TO THE NEW YORK TIMES: AN OPEN LETTER TO THE ETHICIST
I wish I could thank Kwame Anthony Appiah for setting the multiracial movement back over fifty years, but I can’t. He is “the ethicist” for the NY Times and wrote a column this week titled “How Should I think about Race when Considering a Sperm Donor?” Basically, it is about a White, Jewish woman who is considering sperm donation and cannot decide if it matters that the father could be a donor of color.
First, Appiah manages to turn the donor of color into a black father. The baby’s father could be Hispanic, Hawaiian, Native American, or a thousand other combinations. But no, Appiah turns this baby black. I wonder if he has some type of race-meter that lets him know who is what racially.
Then he gives this woman two choices: raise the child as African American or let it pass as white. What?! What happened to letting the child be raised as biracial or multiracial? It is, after all, the largest growing population in the United States, according to the Census Bureau. In fact, it took us about fifty years to get the Census Bureau to accommodate people of more than one race on their forms and just as long for the Office of Management and Budget to accept us.
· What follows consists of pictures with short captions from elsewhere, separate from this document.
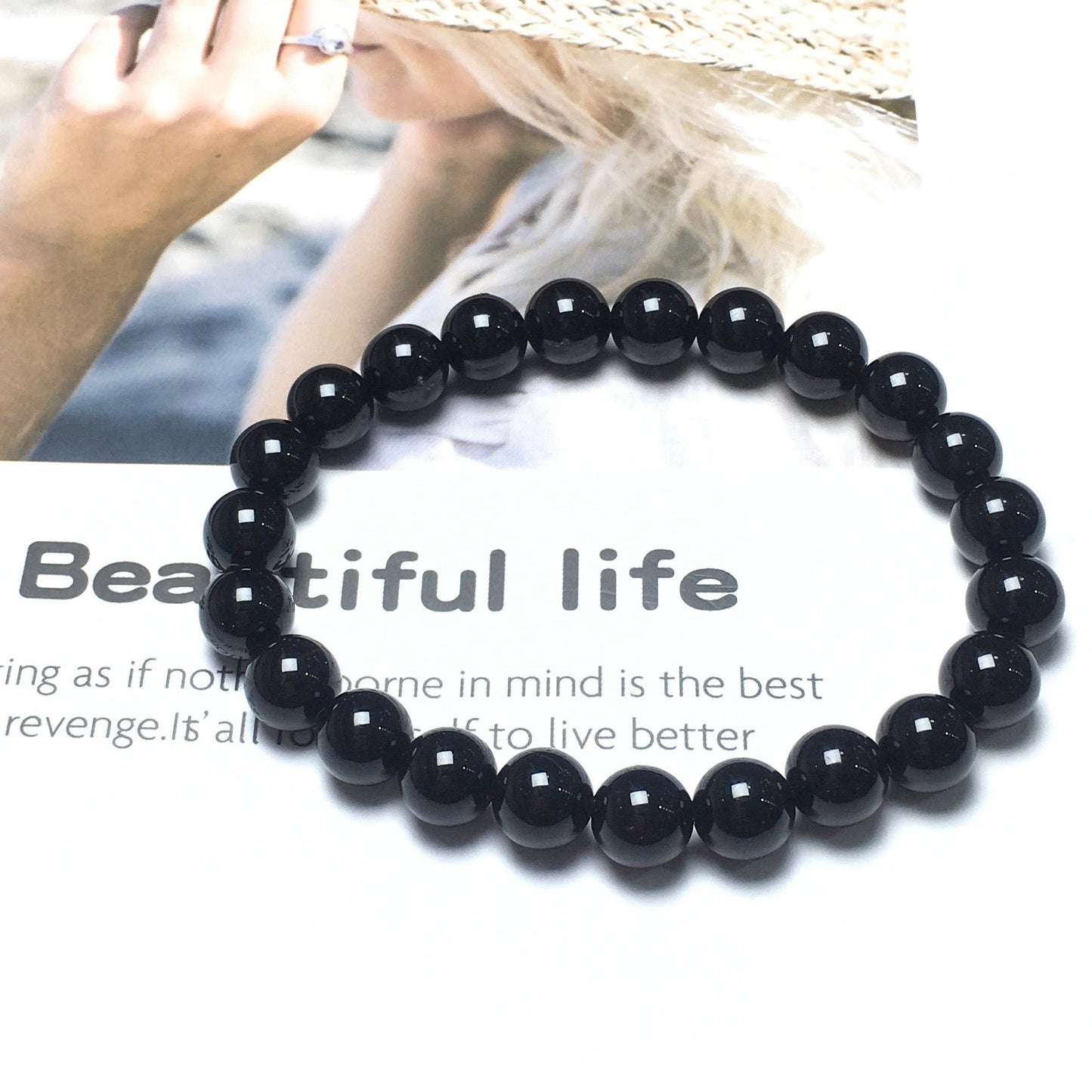 Natural Black Onyx GemstoneBeads Handmade Stretchy Bracelet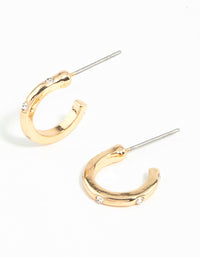 Gold Diamante Huggie Earrings - link has visual effect only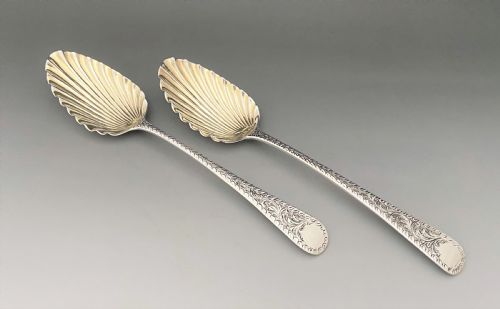 A Superb Pair of Georgian Silver Serving Spoons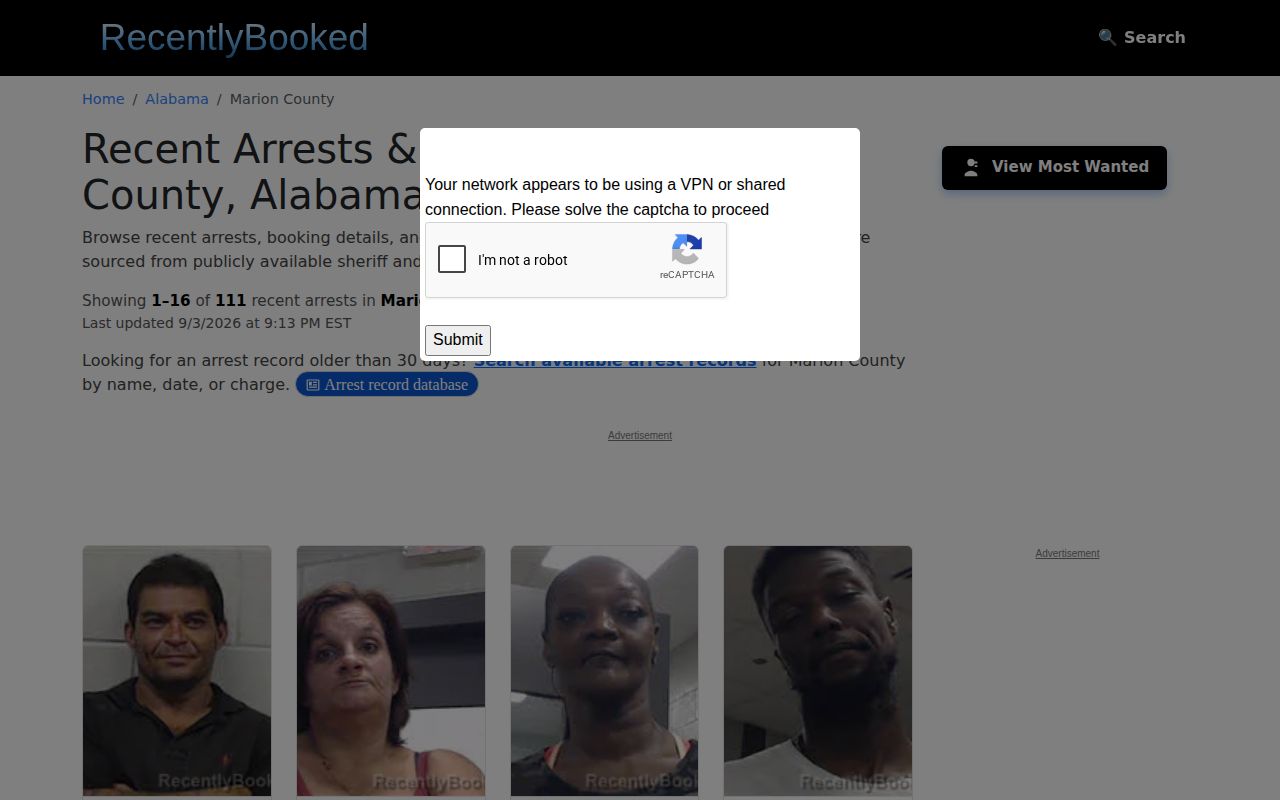 Unofficial RecentlyBooked Marion County arrest report section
Of course the child will need to be taught about their entire heritage and we don’t need Appiah to remind us of that. The multiracial community has plenty of families that celebrate their wholeness, and are not torn apart by the old one-drop rule that says a person with any Black ancestry makes you Black. Are we trying to forget about black slavery but not about the mulatto people of slavery? Shame on you.
Appiah decrees that if you “look black” you must self-identify racially as Black, which just is not how it always turns out. I doubt if he has many friends who identify as biracial or multiracial. In the only example he could find, he reminds us that Barack Obama had a White mother and was raised by his White grandparents and he “turned out OK.” Sigh.
I think this mother would probably do best with a child her own race and Kwame Appiah should stop giving advice to interracial families.
Susan Graham is president of Project RACE, the national organization for multiracial children and adults. She is the author of Born Biracial: How One Mother Took on Race in America.